# WORK TO BE COMPLETED
Give every entry again, word for word and in full.
**** STUDY MATERIAL ****
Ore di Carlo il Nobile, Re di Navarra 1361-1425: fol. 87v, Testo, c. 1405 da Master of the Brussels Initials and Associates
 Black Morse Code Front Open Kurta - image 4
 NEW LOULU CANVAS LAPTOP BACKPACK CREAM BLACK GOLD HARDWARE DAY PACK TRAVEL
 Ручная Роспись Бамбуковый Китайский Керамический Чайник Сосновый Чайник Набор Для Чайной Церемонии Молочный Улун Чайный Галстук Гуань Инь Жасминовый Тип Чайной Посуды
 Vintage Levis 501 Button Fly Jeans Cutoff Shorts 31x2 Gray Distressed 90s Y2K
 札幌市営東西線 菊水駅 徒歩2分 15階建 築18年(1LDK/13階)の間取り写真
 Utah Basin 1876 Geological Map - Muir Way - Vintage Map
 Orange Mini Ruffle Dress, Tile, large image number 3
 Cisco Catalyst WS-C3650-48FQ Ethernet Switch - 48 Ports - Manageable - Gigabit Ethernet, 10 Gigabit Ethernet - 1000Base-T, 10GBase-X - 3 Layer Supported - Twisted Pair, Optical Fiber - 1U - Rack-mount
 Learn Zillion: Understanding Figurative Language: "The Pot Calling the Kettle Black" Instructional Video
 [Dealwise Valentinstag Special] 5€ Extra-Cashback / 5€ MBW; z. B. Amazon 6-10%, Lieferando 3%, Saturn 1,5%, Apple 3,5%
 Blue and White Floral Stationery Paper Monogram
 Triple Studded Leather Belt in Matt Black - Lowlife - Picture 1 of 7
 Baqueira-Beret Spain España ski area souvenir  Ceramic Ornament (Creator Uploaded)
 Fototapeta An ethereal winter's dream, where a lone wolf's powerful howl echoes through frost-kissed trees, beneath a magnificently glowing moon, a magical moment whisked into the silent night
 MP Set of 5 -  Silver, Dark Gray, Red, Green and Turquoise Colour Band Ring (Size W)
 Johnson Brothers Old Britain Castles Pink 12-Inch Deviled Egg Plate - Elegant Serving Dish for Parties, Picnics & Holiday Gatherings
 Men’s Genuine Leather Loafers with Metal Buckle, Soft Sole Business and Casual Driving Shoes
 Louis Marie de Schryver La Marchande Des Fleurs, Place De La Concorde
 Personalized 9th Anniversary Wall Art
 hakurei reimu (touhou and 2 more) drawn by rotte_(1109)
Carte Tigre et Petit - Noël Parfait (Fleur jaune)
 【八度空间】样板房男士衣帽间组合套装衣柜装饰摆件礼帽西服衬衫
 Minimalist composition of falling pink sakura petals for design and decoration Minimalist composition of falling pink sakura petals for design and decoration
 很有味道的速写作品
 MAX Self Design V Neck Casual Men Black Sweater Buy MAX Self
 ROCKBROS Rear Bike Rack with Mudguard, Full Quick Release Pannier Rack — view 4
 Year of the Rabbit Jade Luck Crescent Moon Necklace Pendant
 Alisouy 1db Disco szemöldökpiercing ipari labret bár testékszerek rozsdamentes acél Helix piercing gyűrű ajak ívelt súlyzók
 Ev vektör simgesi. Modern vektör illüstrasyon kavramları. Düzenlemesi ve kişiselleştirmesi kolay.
****
# PROBLEM SOLUTION
Ore di Carlo il Nobile, Re di Navarra 1361-1425: fol. 87v, Testo, c. 1405 da Master of the Brussels Initials and Associates
 Black Morse Code Front Open Kurta - image 4
 NEW LOULU CANVAS LAPTOP BACKPACK CREAM BLACK GOLD HARDWARE DAY PACK TRAVEL
 Ручная Роспись Бамбуковый Китайский Керамический Чайник Сосновый Чайник Набор Для Чайной Церемонии Молочный Улун Чайный Галстук Гуань Инь Жасминовый Тип Чайной Посуды
 Vintage Levis 501 Button Fly Jeans Cutoff Shorts 31x2 Gray Distressed 90s Y2K
 札幌市営東西線 菊水駅 徒歩2分 15階建 築18年(1LDK/13階)の間取り写真
 Utah Basin 1876 Geological Map - Muir Way - Vintage Map
 Orange Mini Ruffle Dress, Tile, large image number 3
 Cisco Catalyst WS-C3650-48FQ Ethernet Switch - 48 Ports - Manageable - Gigabit Ethernet, 10 Gigabit Ethernet - 1000Base-T, 10GBase-X - 3 Layer Supported - Twisted Pair, Optical Fiber - 1U - Rack-mount
 Learn Zillion: Understanding Figurative Language: "The Pot Calling the Kettle Black" Instructional Video
 [Dealwise Valentinstag Special] 5€ Extra-Cashback / 5€ MBW; z. B. Amazon 6-10%, Lieferando 3%, Saturn 1,5%, Apple 3,5%
 Blue and White Floral Stationery Paper Monogram
 Triple Studded Leather Belt in Matt Black - Lowlife - Picture 1 of 7
 Baqueira-Beret Spain España ski area souvenir  Ceramic Ornament (Creator Uploaded)
 Fototapeta An ethereal winter's dream, where a lone wolf's powerful howl echoes through frost-kissed trees, beneath a magnificently glowing moon, a magical moment whisked into the silent night
 MP Set of 5 -  Silver, Dark Gray, Red, Green and Turquoise Colour Band Ring (Size W)
 Johnson Brothers Old Britain Castles Pink 12-Inch Deviled Egg Plate - Elegant Serving Dish for Parties, Picnics & Holiday Gatherings
 Men’s Genuine Leather Loafers with Metal Buckle, Soft Sole Business and Casual Driving Shoes
 Louis Marie de Schryver La Marchande Des Fleurs, Place De La Concorde
 Personalized 9th Anniversary Wall Art
 hakurei reimu (touhou and 2 more) drawn by rotte_(1109)
Carte Tigre et Petit - Noël Parfait (Fleur jaune)
 【八度空间】样板房男士衣帽间组合套装衣柜装饰摆件礼帽西服衬衫
 Minimalist composition of falling pink sakura petals for design and decoration Minimalist composition of falling pink sakura petals for design and decoration
 很有味道的速写作品
 MAX Self Design V Neck Casual Men Black Sweater Buy MAX Self
 ROCKBROS Rear Bike Rack with Mudguard, Full Quick Release Pannier Rack — view 4
 Year of the Rabbit Jade Luck Crescent Moon Necklace Pendant
 Alisouy 1db Disco szemöldökpiercing ipari labret bár testékszerek rozsdamentes acél Helix piercing gyűrű ajak ívelt súlyzók
 Ev vektör simgesi. Modern vektör illüstrasyon kavramları. Düzenlemesi ve kişiselleştirmesi kolay.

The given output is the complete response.